Color Challenges in Packaging
MPL Inc. had the challenge of selecting a package with strong barrier properties that would protect their highly-sensitive medical product, but they had an additional requirement: the package needed to be a very specific color to match their “brand identity.” At IMPAK we understand that color is branding; for example, UPS went so far as to trademark “Brown.” We’re not sure how that works or if we owe them in royalties for our use of “brown,” but we do understand that a color can be deeply important to a brand’s visual identity.
The problem started when our customer insisted we use a CMYK mixture that they had been using for print applications. This was a red flag. We informed them that there are several factors to be aware of in color printed packaging. Color on foil will appear different than on a WHITE paper base. And the complexities don’t stop there; the matte finish laminate they requested would also affect the resulting color.
The Value of an ESR
We suggested that MPL Inc. select a Pantone Matching System (PMS) color and invest in an Engineering Service Request (ESR), so that we could have our technicians adjust the color based on an agreed upon, standardized color (Pantone colors are more reliable than CMYK mixtures). Despite the warnings, they insisted on their CMYK mixture. We produced the order to their exact specifications. Unfortunately, the result did not match their desired color and would not match all of their other branding materials. The challenging technical specifications had been met, but without the ESR to adjust for the complexities of printing on film, the “right” color was wrong.
The “Right” Color is Found
MPL learned the hard way that color on foil appears different than on paper. At this point they realized we had suggested an ESR solely for their benefit; it would have saved them time and money. Because they are professionals, they understood that we fulfilled their order to their exact specifications so they paid for it in full. But they also placed a new order, this time with an ESR to get the exact color. We offered a discount and produced a trial order of 200 bags in their newly selected Pantone color. This time, the color was “right,” and MPL Inc. placed an order for an additional 75,000 bags.

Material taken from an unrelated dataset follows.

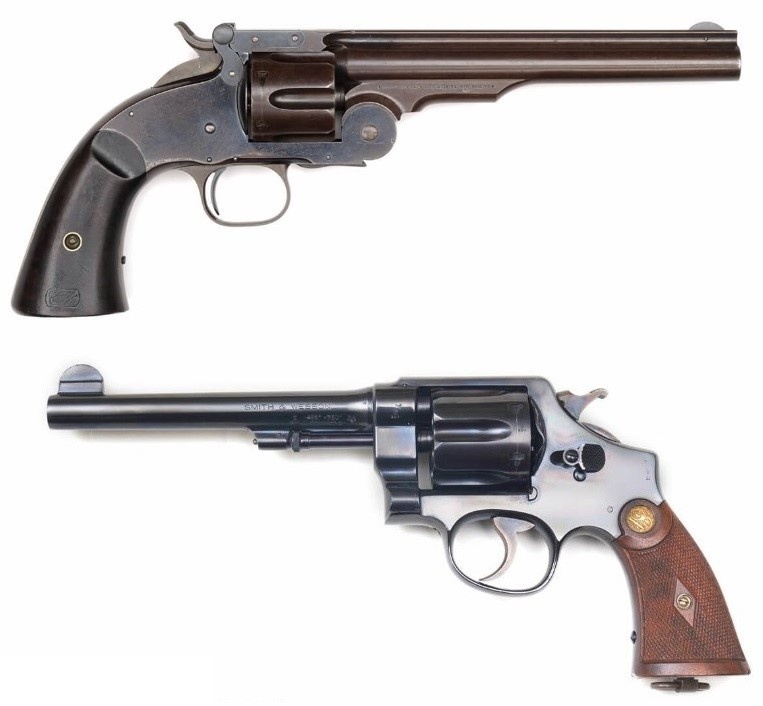 Револьверы S&W Schofield (вверху) и Pistol, Smith & Wesson, .455-inch, 6.5-inch barrel, Mark II (внизу).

In the end we delivered a product that met all of the advanced standards for medical packaging that we’re known for, and in the exact color of our customer’s branding identity thanks to a Pantone color selection and an Engineering Service Request.

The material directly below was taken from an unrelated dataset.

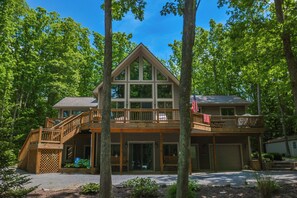 House (5 Bedrooms) | Exterior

Figure 1: The customer’s requested CMYK color (C:0 M:7 Y:15 K:30) color looked gray, similar to Pantone 401. After seeing the requested color printed on foil they were unsatisfied and decided to start the ESR process to have IMPAK find the exact color they were looking for.
Figure 2: After MPL Inc. decided on an ESR, IMPAK offered several Pantone colors and MPL Inc. decided on a brown that closely matches Pantone 2316 C. IMPAK produced a run of 200 bags in this color. MPL Inc. was very happy with the test run and placed an order for 75,000 more bags.
The Steps of MPL Inc.’s ESR Process
- IMPAK requested that MPL select a PMS color, and offered 3 suggested color options.
- IMPAK provided printed film proofs of the 3 color options so MPL could see how they looked on film (unlike MPL’s initial order where they did not review printed options beforehand).
- MPL reviewed the film proofs and decided that the PMS 2316 C sample matched their desired color.
- After approval of the film proof, IMPAK provided another proof with the laminated film added, which MPL also approved.
- IMPAK then produced a trial run of 200 pouches printed with PMS 2316 C.
- MPL approved the 200 pouches, and approved an order of 75,000 more pouches to complete their order.